Digitalisierung ist kein Selbstzweck
Ein erster Schritt war etwa das vernetzte Shopping, bei dem der Kunde online bestellt und dann das Produkt vor Ort abholt. "Ein Verfahren das 40 Prozent unserer Online-Kunden nutzen", berichtet der CDO aus der Praxis. Allerdings sei dies nur der Anfang, meint Wild mit Blick auf social media, IoT, connected products, digital Marketing, Big Data, VR und Robotics. Gerade an Lösungen mit VR und Robotics in Verbindung mit IoT-Technologien arbeiten die Ingoldstädter derzeit und testen erste Pilote bereits in ihren Märkten.
Ware per Location based Services abholen
So testet Media-Saturn das Thema Mobile bereits in verschiedenen Läden. Einen Anwendung sind Location based Services (LBS). Eine Anwendung ist etwa der digitale Abholschein. Bestellt der Kunde online, so erhält er den Abholschein auf sein Smartphone. Bewegt er sich dann in die Nähe eines Marktes, weist ihn das Smartphone darauf hin und teilt ihm mit, dass die Ware abholbereit ist. Ein anderes Szenario ist, dass der Kunde im Laden künftig auf dem Smartphone den Standort der Produkte anzeigt bekommt, für die er sich interessiert. Hierzu setzt das Unternehmen zudem auf Augumented Reality.

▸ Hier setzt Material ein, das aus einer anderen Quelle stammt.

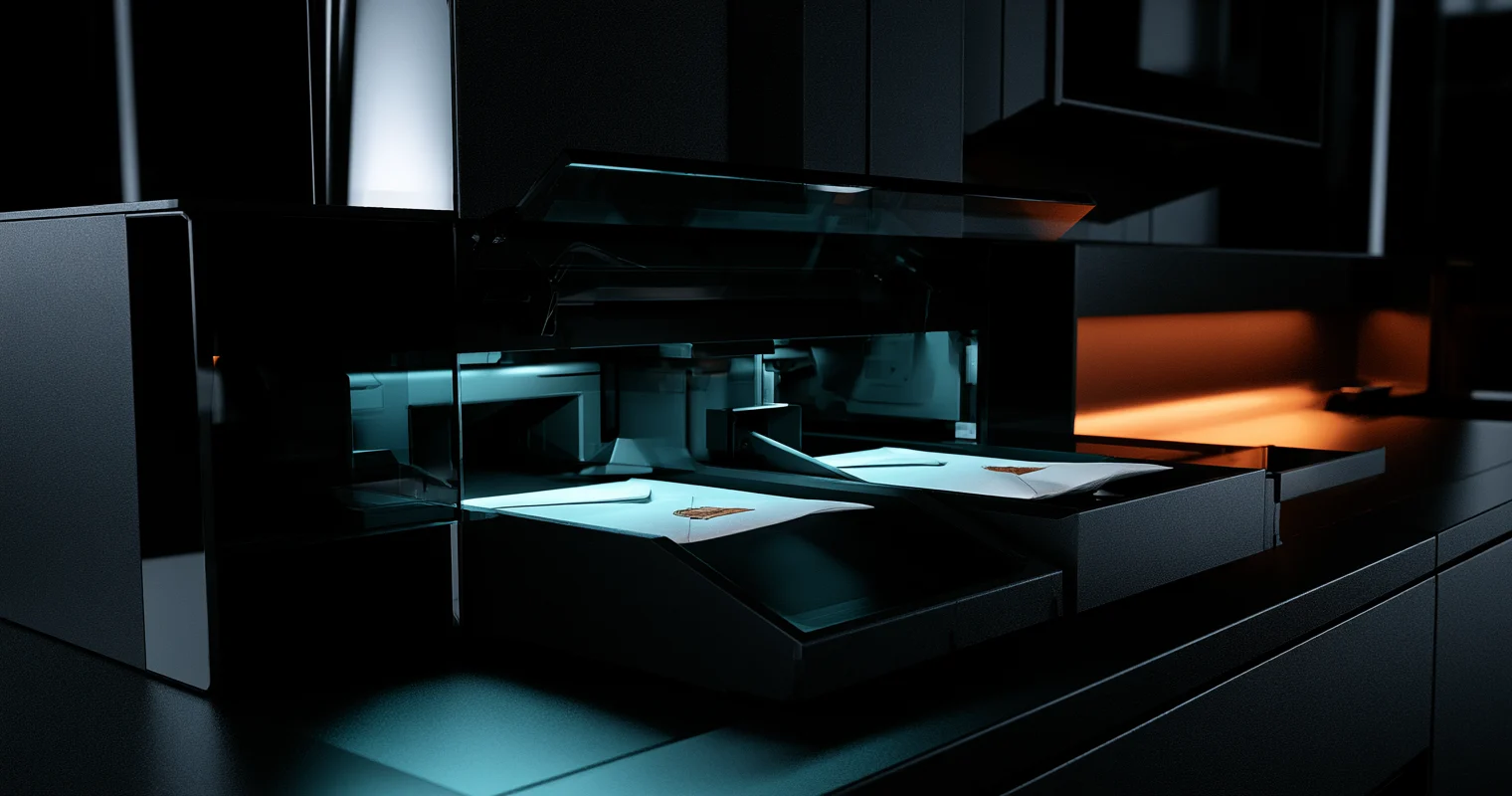A dark machine room under cyan light: a low document sorting machine with its glass hood raised. One pale envelope with a small gold seal rests in a lit tray at the front, and a second envelope lies in a separate tray to the right under warm amber light.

Elektronische Preisschilder mit NFC
Des Weiteren sollen die Shops künftig mit digitalen Preisschildern (Electronic Shelf Label (ESL)) ausgestattet werden. Diese ermöglichen einen automatischen Wechsel der Preise, so dass die Mitarbeiter nicht mehr täglich neue Preisschilder ausdrucken müssen. Diese Funktion wird derzeit laut Wild ausgerollt. Darüber hinaus sind die ESL alle NFC-fähig. In Kürze könnten die Kunden ihre NFC-fähigen Smartphones an die Preisschilder halten, um so einen Link zu erweiterten Produktinformationen zu bekommen. "Leider können dies nur Android-User nutzen, da sich Apple immer noch nicht dazu entschlossen hat, seine NFC-Implementierung zu öffnen", schränkt der CDO ein. Auf diese Weise soll der Kunde auch im Shop alle Informationen erhalten, die er aus der Online-Welt gewohnt ist. Mit Hilfe der Indoor-Navigation will Wild eine weitere Online-Erfahrung in der realen Welt erlebbar machen: "Wir sind alle gewohnt, online binnen Sekundenbruchteilen die gewünschten Produkte zu finden, im realen Laden suchen die Kunden dagegen oft mehrere Minuten." Eine solche Indoor-Navigation testet Saturn-Media derzeit in Ingoldstadt.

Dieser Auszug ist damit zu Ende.